Moore was the headliner with 31 points, but the Lynx will be difficult to handle if Lindsay Whalen can repeat her performance by similar degree: 19 points, seven assists, one turnover.
She was vintage Whalen in attacking and collapsing the defense.
“It’s a little bit of a mind-set and a little bit feel of the game,” Whalen said.
The Lynx ooze confidence because they’ve been in this position so many times. Pressure doesn’t feel stifling when it becomes routine.
The team’s core group has lugged a target for five years, knowing every season carries a championship-or-bust purpose.
The Lynx view that not as a burden but as a reward for their hard work and sacrifice, something to be cherished. They don’t hide from lofty expectations or pretend they don’t exist.
“That’s why we all still want to play as veterans,” Whalen said. “You want to play in these situations.”
The WNBA made a smart, strategic move in expanding its playoff semifinals from three to five games under a new format. A longer series allows story lines to develop and shifts in momentum. A five-game series also improves the odds that the better team will emerge.
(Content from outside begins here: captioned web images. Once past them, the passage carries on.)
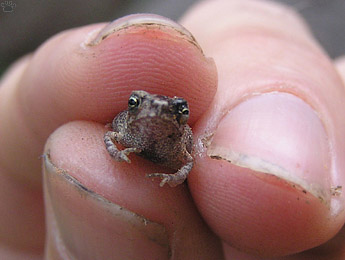 toad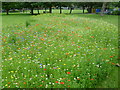 Wildflower meadow in Manor Park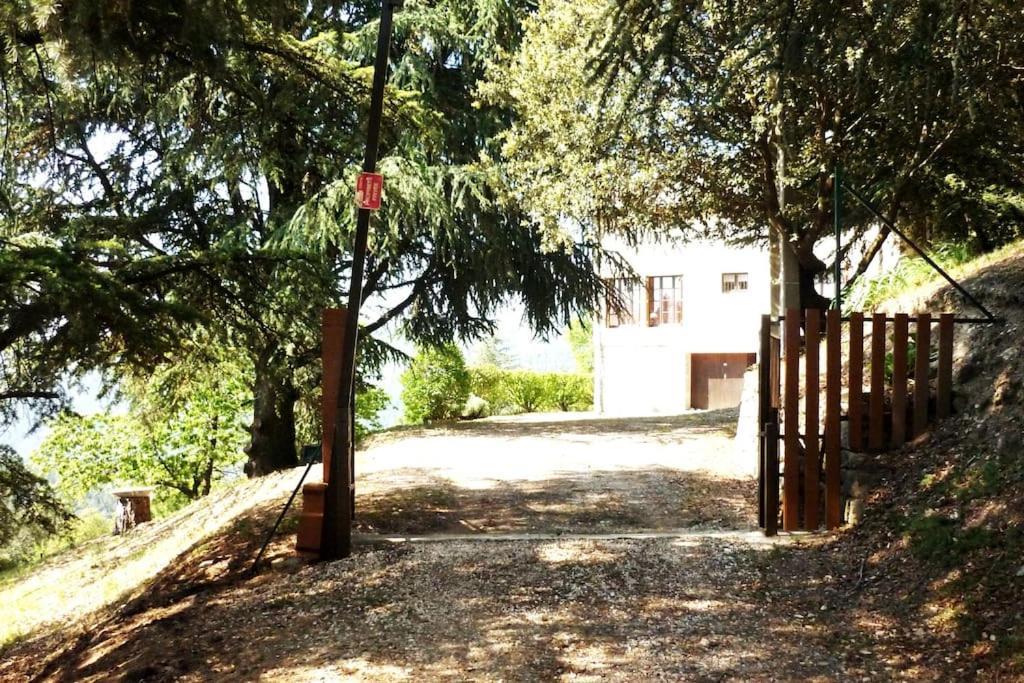 Chalet 14 pers avec vue panoramique et piscine chauffée Genolhac Extérieur photo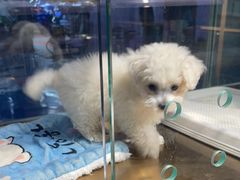 -FAELING PETS美天灵宠物(富力广场店)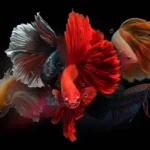 Are Betta Fish Good Pets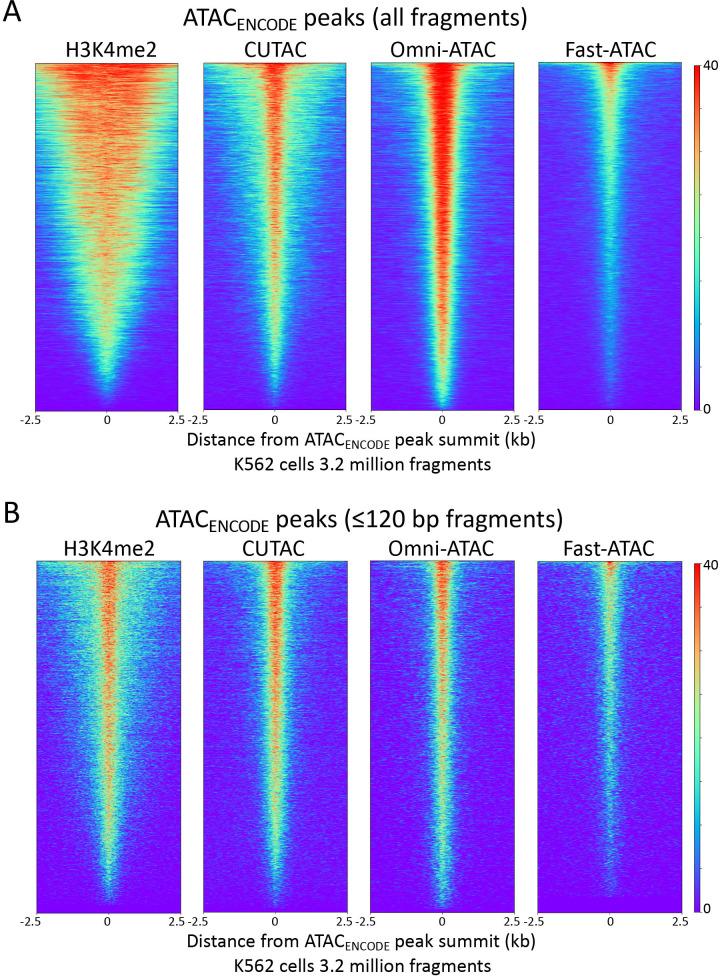https://cdn.ncbi.nlm.nih.gov/pmc/blobs/6f15/7721439/a53267151531/elife-63274-fig4-figsupp2.jpg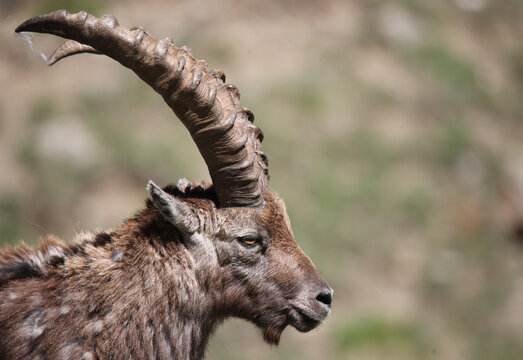 mountain goat in the wild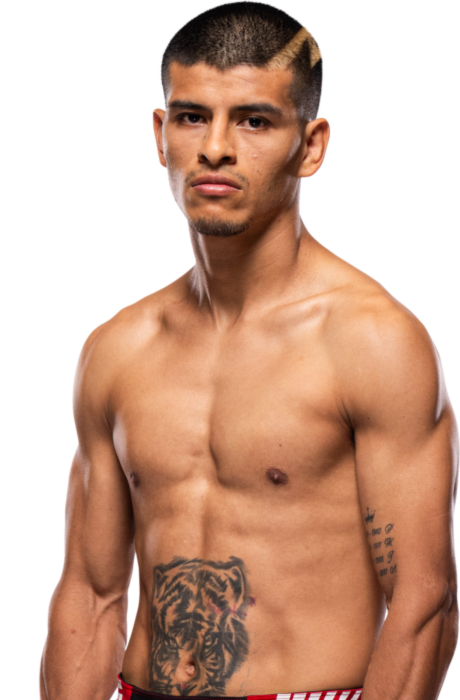 Nilson Rojas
A best-of-five series just feels more legitimate than three games.
“To have this in the semis is really cool for coaches, players, fans,” Whalen said.
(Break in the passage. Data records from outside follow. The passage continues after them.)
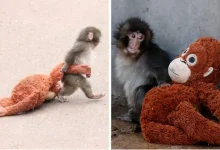 el querido macaco japonés punch celebra su primer cumpleaños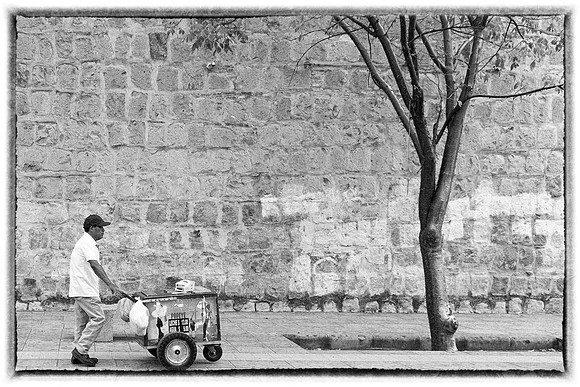 _DSF8965_bw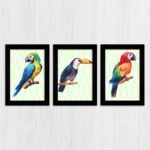 Kit 3 Quadros Pássaros-Silvestres - Imagem 3
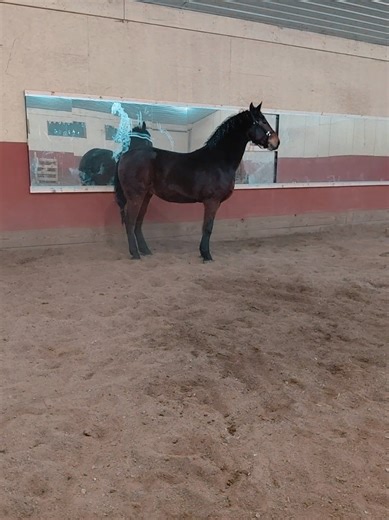 Just a little bouncy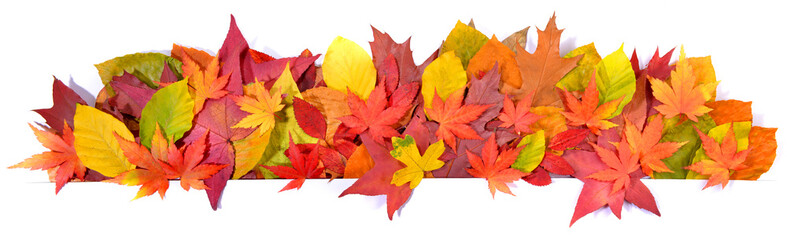 Naklejka na ściany i meble Autumn Leaves - Panorama Background
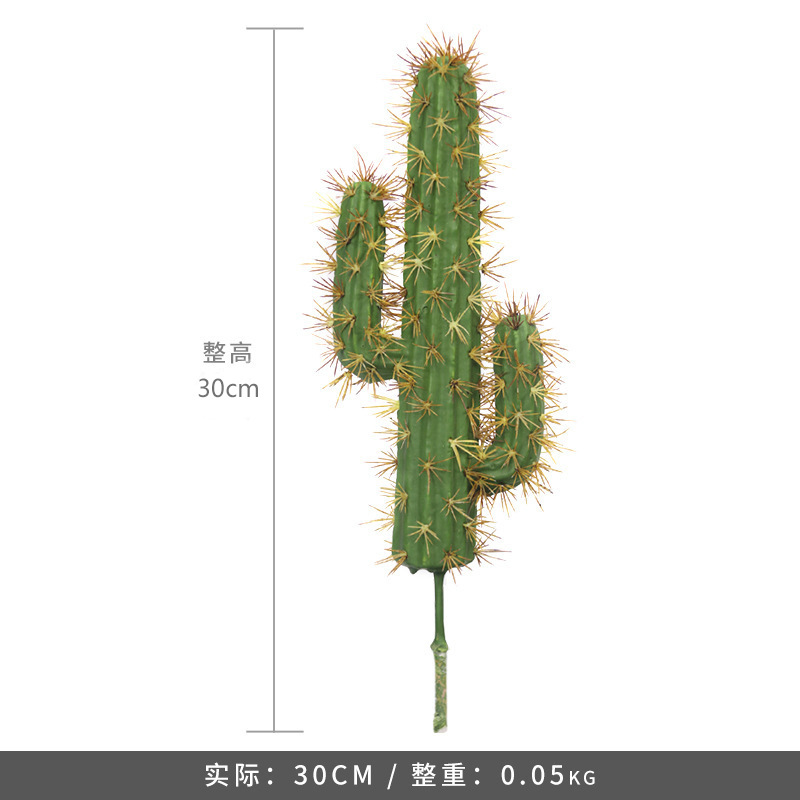 Plante succulente-petite taille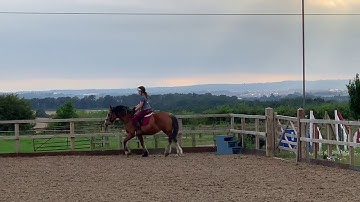 Schooling leg yield canter trans & circles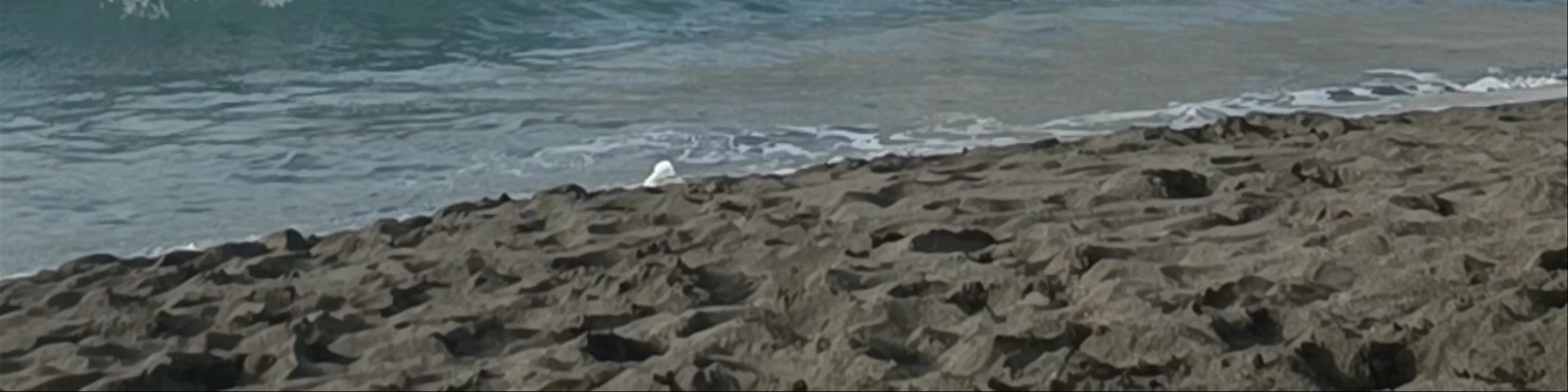 Playa de los Gigantes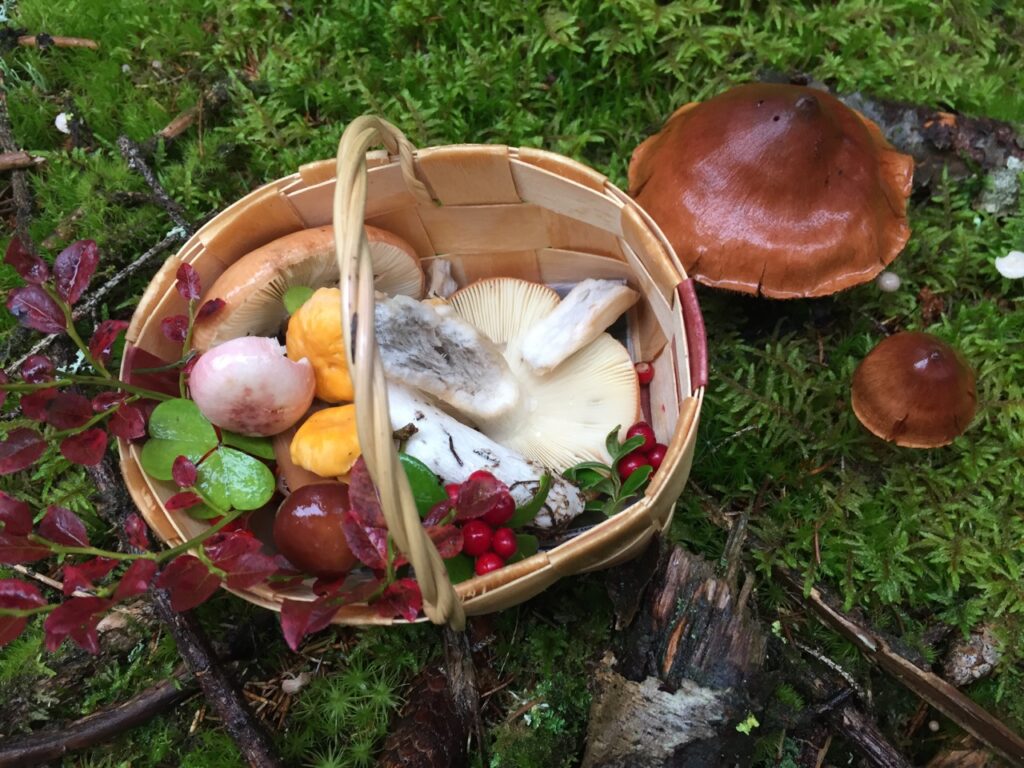 Beeren und Pilze sammeln im Finnland Urlaub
Game 1 was a rout, but nobody should be surprised if the series goes the distance. The Mercury has too much talent with Taurasi and 6-8 Brittney Griner to think it won’t offer pushback.
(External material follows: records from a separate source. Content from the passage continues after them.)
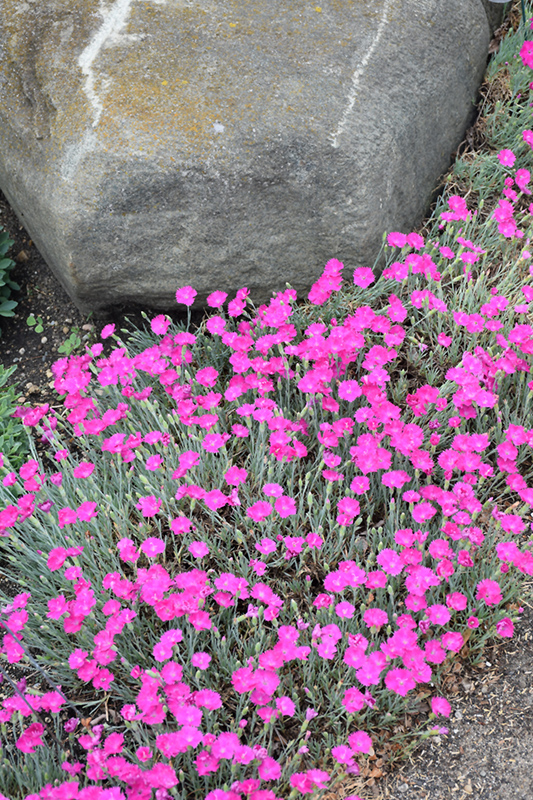 Firewitch Pinks (Dianthus gratianopolitanus 'Firewitch') at The Growing Place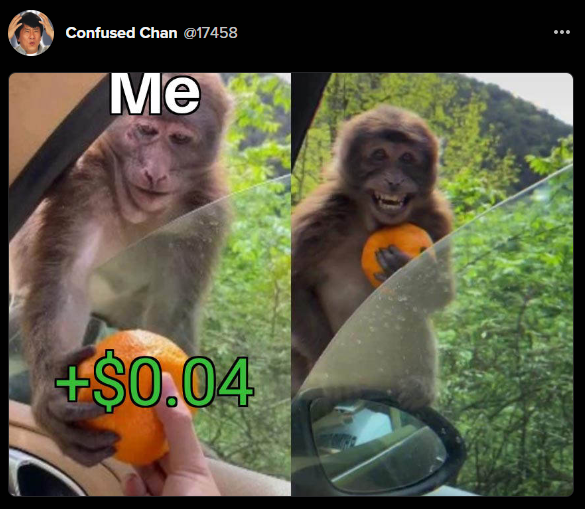 Happy monkey after receiving 4 cents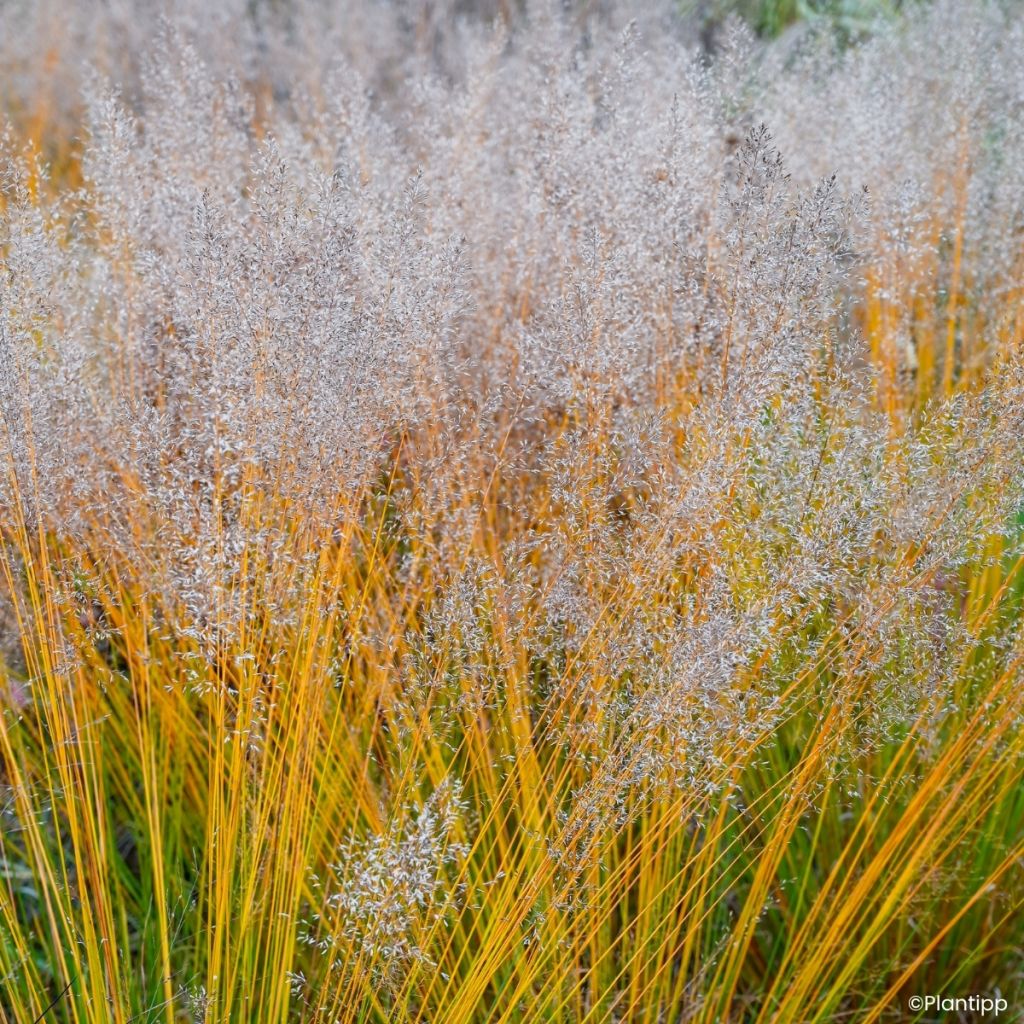Molinia caerulea Banshee - Boja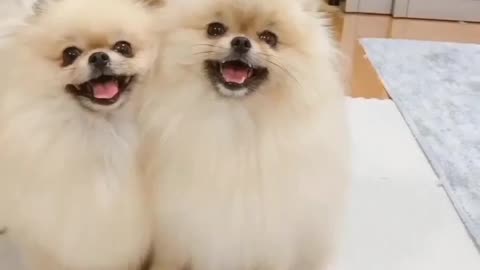 Funny animals videos 🤣🤣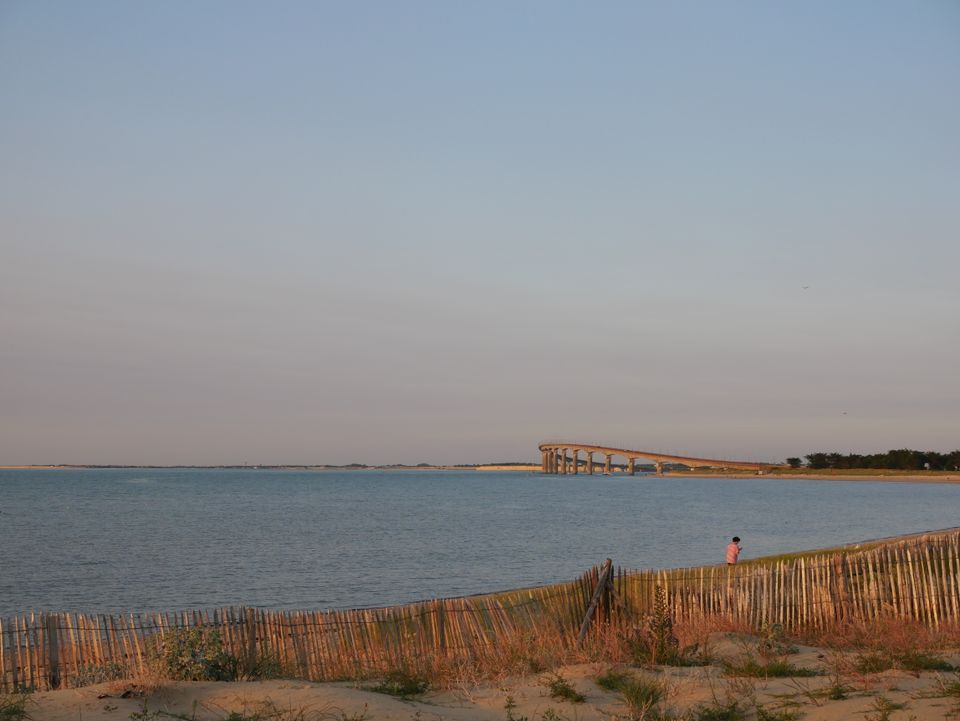 What to do in Long Island afte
“I don’t care if it’s a five-game series,” Lynx coach Cheryl Reeve said, “as long as we get to three before they get to three.”
The teams know each other well. They met in the semifinals the previous three seasons, as well. The two rosters combined feature 11 Olympians and a few transcendent players.
“You’re looking at some of the best talent in women’s basketball,” Whalen said.
The Lynx welcomed the long break because their roster is filled with veterans who have played lots of basketball over the years. Rust wasn’t a factor because champions understand how to reset once the regular season ends.
Nothing seems to faze this group.
“No excuses,” Moore said. “What team wants it more and what team executes better?”
Those two questions were answered in Game 1. Decisively.